No Token Left Behind: Dependable KV Cache Compression through Significance-Conscious Blended Precision Quantization
Authors: June Yong Yang, Byeongwook Kim, Jeongin Bae, Beomseok Kwon, Gunho Park, Eunho Yang, Se Jung Kwon, Dongsoo Lee
Summary: Key-Worth (KV) Caching has grow to be a vital method for accelerating the inference velocity and throughput of generative Massive Language Fashions~(LLMs). Nonetheless, the reminiscence footprint of the KV cache poses a crucial bottleneck in LLM deployment because the cache measurement grows with batch measurement and sequence size, typically surpassing even the scale of the mannequin itself. Though latest strategies have been proposed to pick and evict unimportant KV pairs from the cache to scale back reminiscence consumption, the potential ramifications of eviction on the generative course of are but to be completely examined.

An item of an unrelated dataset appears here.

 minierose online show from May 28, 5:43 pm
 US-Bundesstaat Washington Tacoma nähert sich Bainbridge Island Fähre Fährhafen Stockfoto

On this paper, we study the detrimental influence of cache eviction and observe that unexpected dangers come up as the data contained within the KV pairs is exhaustively discarded, leading to security breaches, hallucinations, and context loss. Surprisingly, we discover that preserving even a small quantity of data contained within the evicted KV pairs through diminished precision quantization considerably recovers the incurred degradation. Then again, we observe that the vital KV pairs have to be stored at a comparatively greater precision to safeguard the technology high quality. Motivated by these observations, we suggest textit{Blended-precision KV cache}~(MiKV), a dependable cache compression technique that concurrently preserves the context particulars by retaining the evicted KV pairs in low-precision and guarantee technology high quality by retaining the vital KV pairs in high-precision. Experiments on numerous benchmarks and LLM backbones present that our proposed technique gives a state-of-the-art trade-off between compression ratio and efficiency, in comparison with different baselines.